Work request
Starting with the line that contains "Grilled Butter fish", copy each line exactly through the end of the listing, and omit all pictures.

Supplied entries
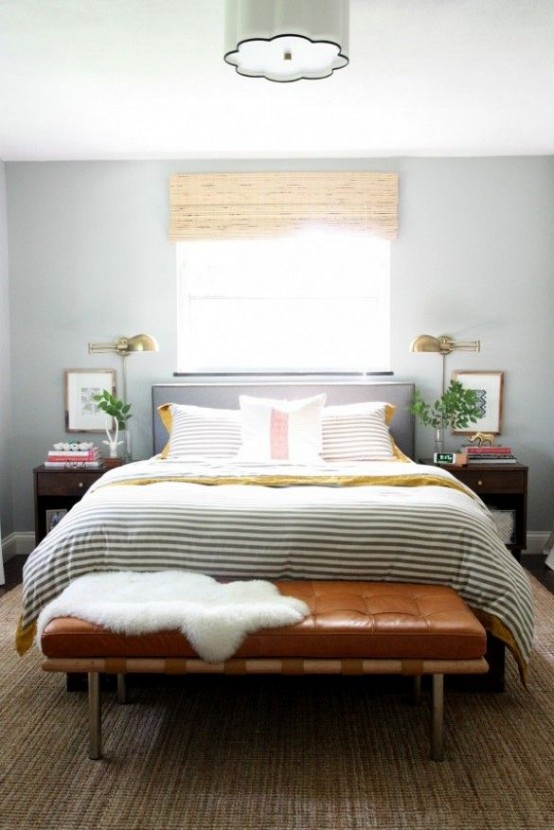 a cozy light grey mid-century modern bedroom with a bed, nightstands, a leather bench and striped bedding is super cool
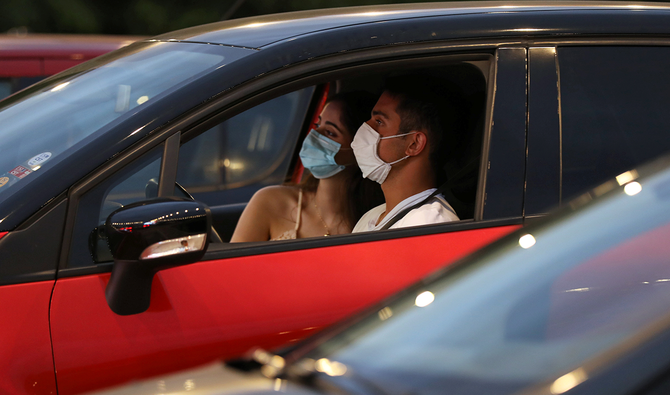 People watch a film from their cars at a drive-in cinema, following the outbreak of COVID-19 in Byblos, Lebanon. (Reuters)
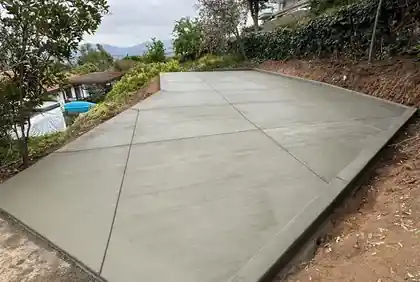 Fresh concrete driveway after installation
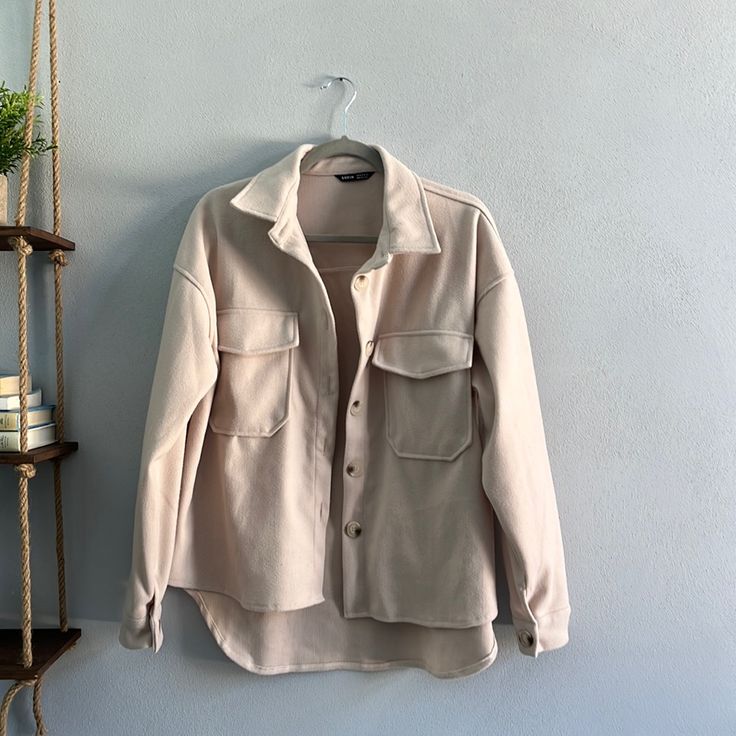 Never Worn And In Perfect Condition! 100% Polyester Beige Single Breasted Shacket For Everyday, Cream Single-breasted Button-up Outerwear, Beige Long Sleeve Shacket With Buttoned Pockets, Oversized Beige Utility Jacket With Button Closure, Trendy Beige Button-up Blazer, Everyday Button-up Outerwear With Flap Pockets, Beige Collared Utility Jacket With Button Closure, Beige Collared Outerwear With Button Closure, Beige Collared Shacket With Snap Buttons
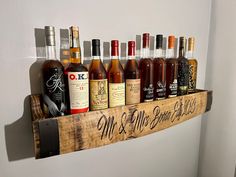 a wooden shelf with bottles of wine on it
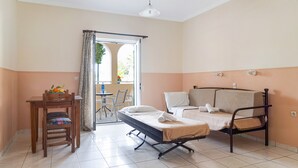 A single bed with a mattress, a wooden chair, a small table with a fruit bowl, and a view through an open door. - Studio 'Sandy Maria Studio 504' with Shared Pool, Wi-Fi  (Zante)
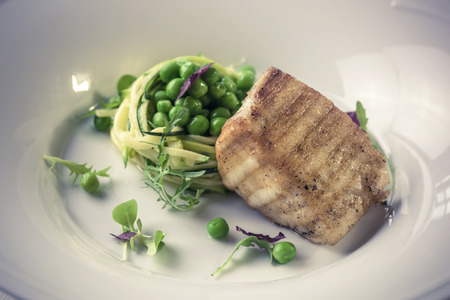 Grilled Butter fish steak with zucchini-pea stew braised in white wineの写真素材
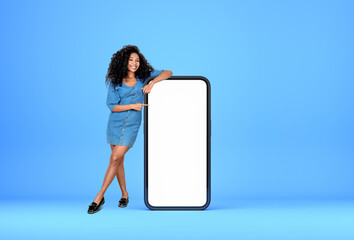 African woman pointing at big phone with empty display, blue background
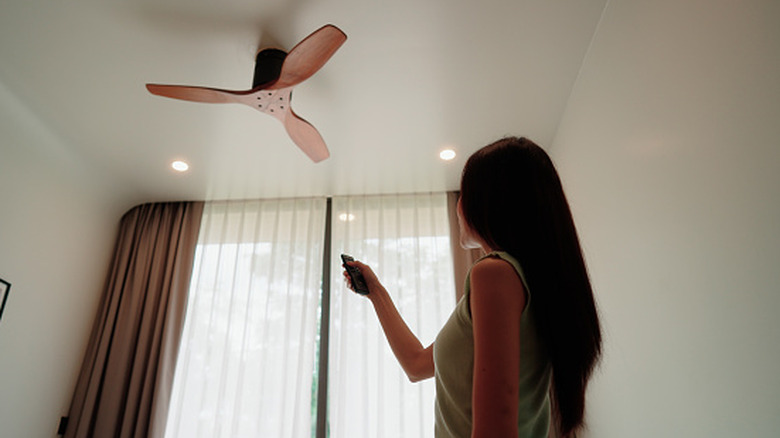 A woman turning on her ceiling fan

Expected answer
 Grilled Butter fish steak with zucchini-pea stew braised in white wineの写真素材
 African woman pointing at big phone with empty display, blue background
 A woman turning on her ceiling fan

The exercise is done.